Problem details ▸ The listing below should be printed again word for word, without any images.

Provided material ▸
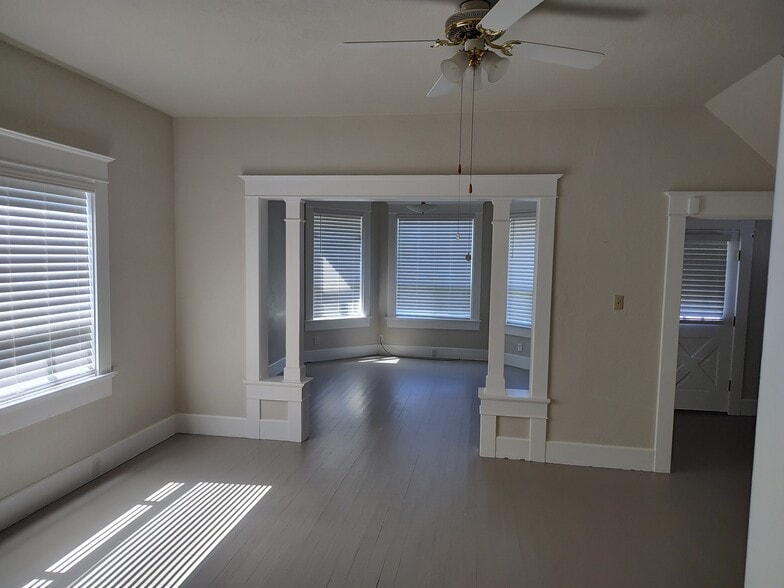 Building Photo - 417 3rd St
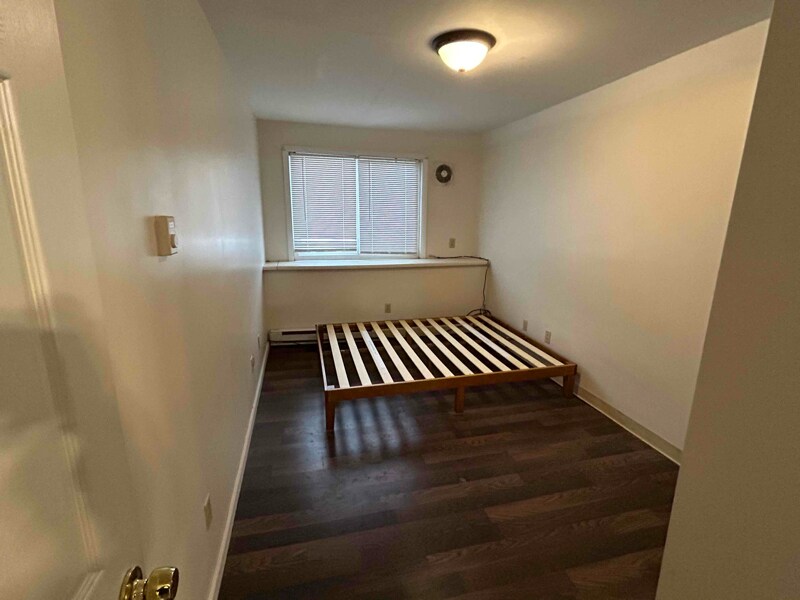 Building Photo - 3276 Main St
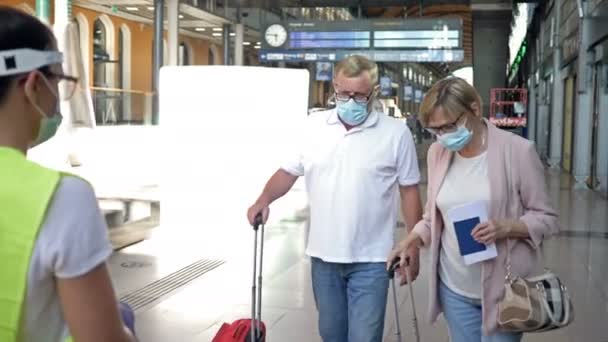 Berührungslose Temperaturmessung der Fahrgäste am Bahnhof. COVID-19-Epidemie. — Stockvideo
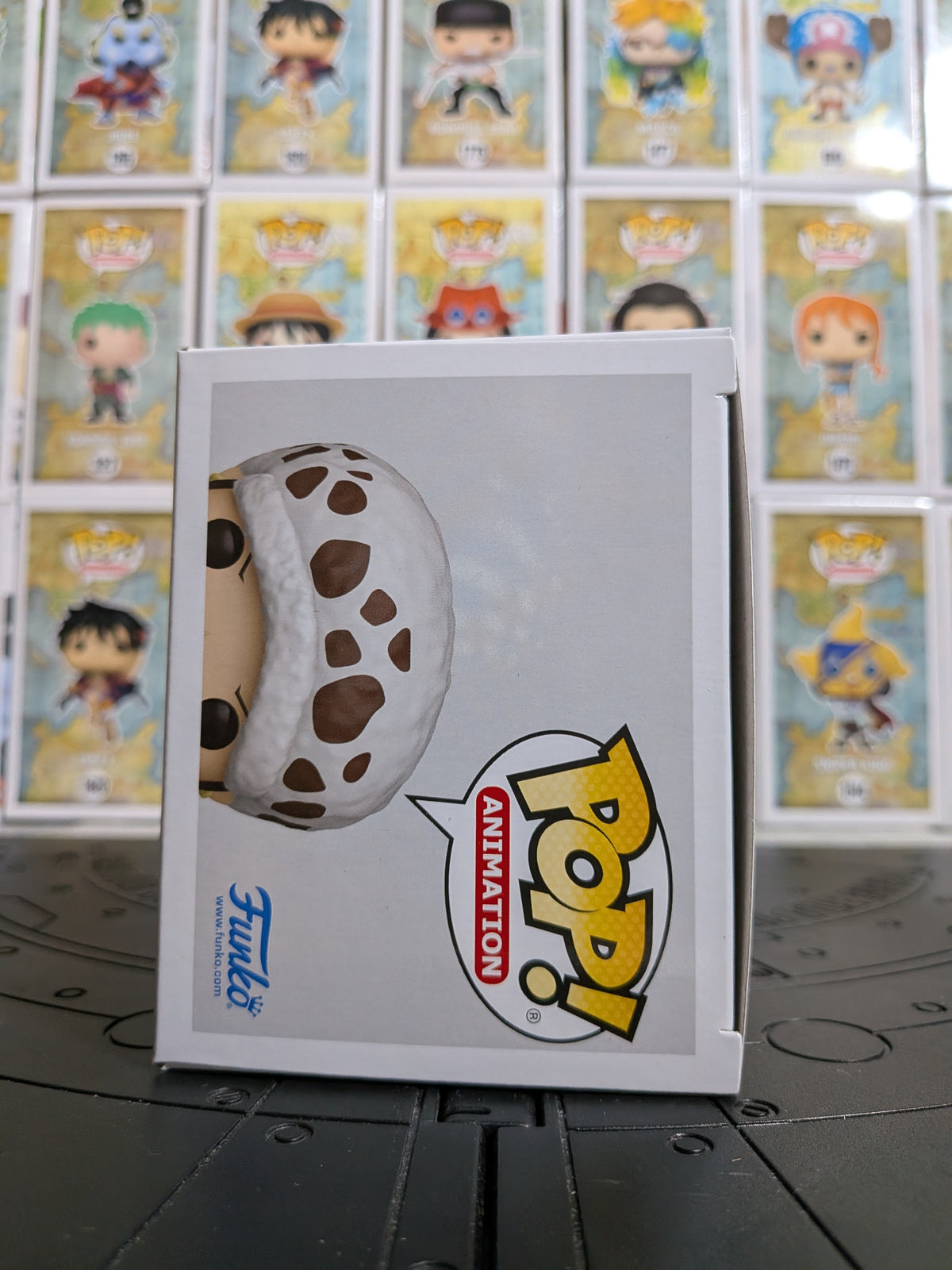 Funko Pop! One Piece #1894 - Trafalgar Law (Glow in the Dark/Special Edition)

Solution for this task ▸
 Building Photo - 417 3rd St
 Building Photo - 3276 Main St
 Berührungslose Temperaturmessung der Fahrgäste am Bahnhof. COVID-19-Epidemie. — Stockvideo
 Funko Pop! One Piece #1894 - Trafalgar Law (Glow in the Dark/Special Edition)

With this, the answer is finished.